EXERCISE BRIEF: Return, verbatim and in full, the records that follow, but not their pictures.

Source records

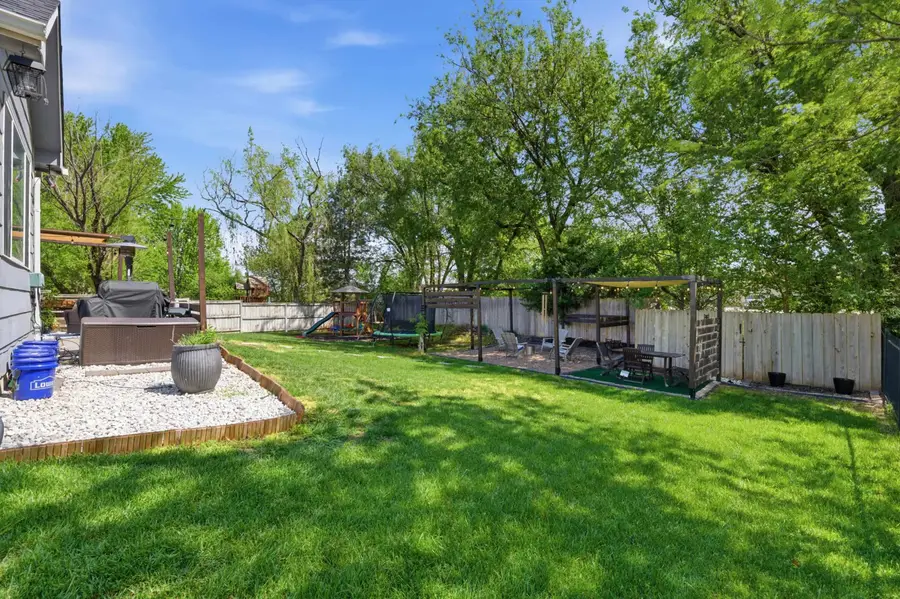 8910 W Ryan Cir, Wichita, KS 67205 - #3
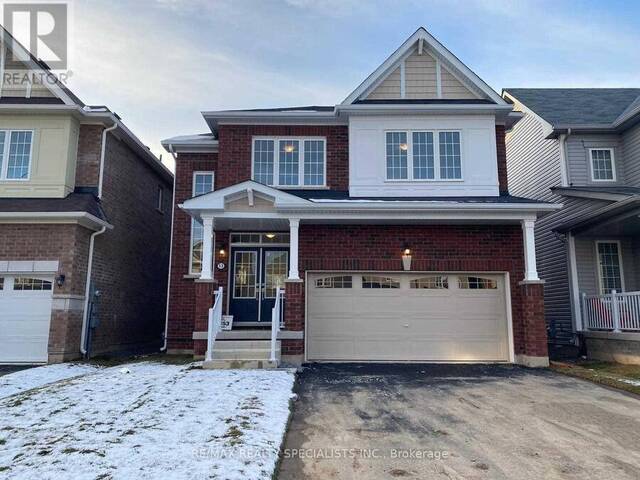 13 FROGGY DRIVE Thorold Ontario, L3B 0H1 - 4 Bedrooms Home For Sale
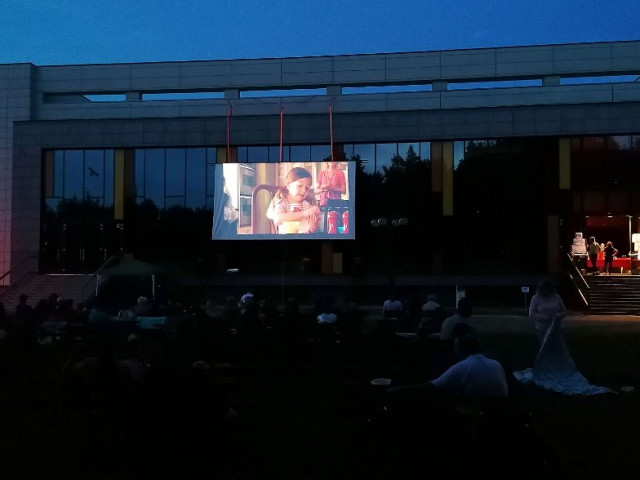 LETNÍ KINO 2020
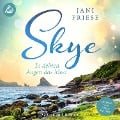 Cover-Bild zum Titel 'Skye: In deinen Augen das Meer' von 'Janie Friese'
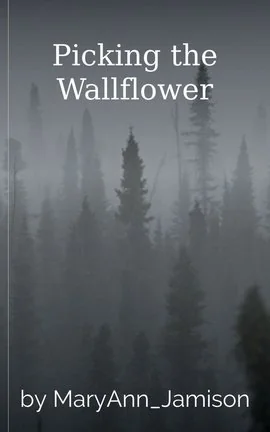 Picking the Wallflower cover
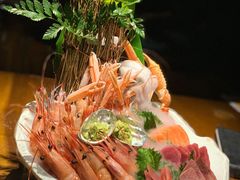 -和彩放题餐厅(酒仙桥店)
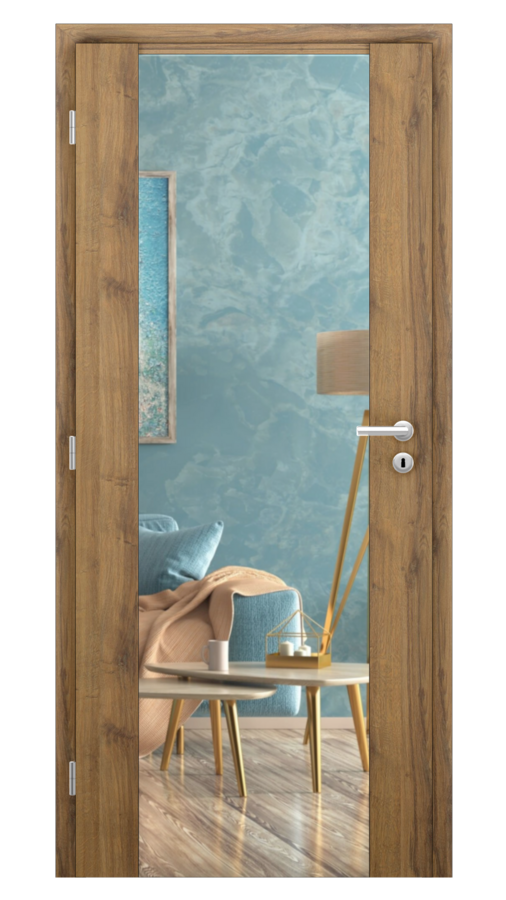 SONET / Sonet 1 / CPL SOLO 3D - dub sherman / Float číry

REPLY:
 8910 W Ryan Cir, Wichita, KS 67205 - #3
 13 FROGGY DRIVE Thorold Ontario, L3B 0H1 - 4 Bedrooms Home For Sale
 LETNÍ KINO 2020
 Cover-Bild zum Titel 'Skye: In deinen Augen das Meer' von 'Janie Friese'
 Picking the Wallflower cover
 -和彩放题餐厅(酒仙桥店)
 SONET / Sonet 1 / CPL SOLO 3D - dub sherman / Float číry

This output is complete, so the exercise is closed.